This little guy serves as a trusted Bluetooth device and can help track down your keys or your phone
Motorola's made quite the name for itself over the last year with a suite of phones that are just plain simple to use, bringing along with them some new features like trusted bluetooth devices that ended up being adopted into the full Android operating system.
This month Motorola rolled out the new Motorola Keylink Bluetooth fob that adds even more functionality, particularly if you've shied away from Bluetooth devices before.
Here's the deal.
The Motorola Keylink is, as the name implies, meant to live on your key ring. That doesn't mean it has to, of course. The small fob can just as easily attach to (or live in) a purse or backpack or messenger bag. Anything that you generally have with you and close. It's a Bluetooth device, which means it's powered. But you won't have to worry about charging the Keylink — it's got an included CR2032 battery tucked away in the weather-proof inside.
There's a single button (with a notification light hidden inside it) and a speaker on the underside of the Keylink. You press the button for about 4 seconds to fire it up and prepare it for syncing with your phone. You'll need the Motorola Connect app — available in Google Play — to really take advantage of things, and the good news is that it's not just available for Motorola phones, though you will need to be running at least Android 4.3 to use it.
The app adds a couple of features. First is that it will locate the last known position of the Keylink — and hopefully your keys or bag or whatever.
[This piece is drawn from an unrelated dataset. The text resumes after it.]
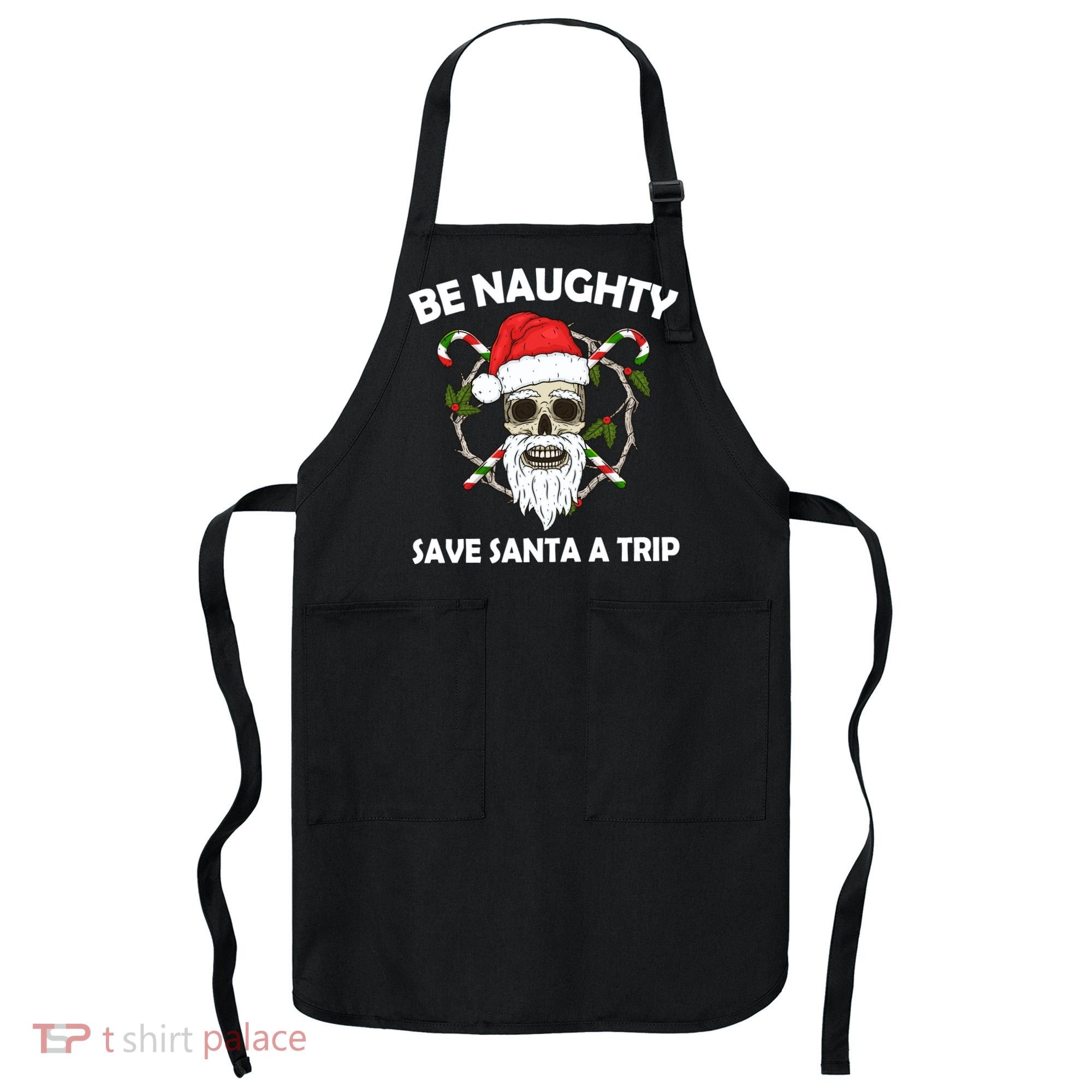 Be Naughty Save Santa A Trip Apron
It also lets you ping the Keylink, which will then give off a (relatively quiet) beep and flash the light. You've got to be in range for that to work, though, which makes sense, so it's only really good for finding your keys if they've disappeared in a drawer or under a couch cushion or something. Motorola says it should be good to 100 feet — we tested to about half that inside our office building.
The pinging also works in reverse. Press the Keylink button twice, and Motorola's sonar-esque "find my phone" feature beeps into action, making it easier to find a phone you've left in a pair or pants or somewhere slightly more sinister.
And finally, because this is a Bluetooth device we're working with here, you're able to add the Keylink as a trusted Bluetooth device, if your phone supports it. (Motorola was the first to bring that feature, and it's baked into Android 5.0 Lollipop.) That lets you keep a passcode on your phone but bypass it so long as the trusted accessory is connected.
The only two issues we've seen with the Keylink is that Bluetooth continues to occasionally be a wonky protocol — we had to attempt to connect several times on more than one occasion — and that the Keylink is simply out of stock. That's a pretty good sign, however, that it's already a sought-after accessory, especially if you're not on the Android Wear bandwagon and are looking for another closely-worn Bluetooth device to serve as trusted bypass.
If you've got $25 free and can find a Keylink, definitely pick one up.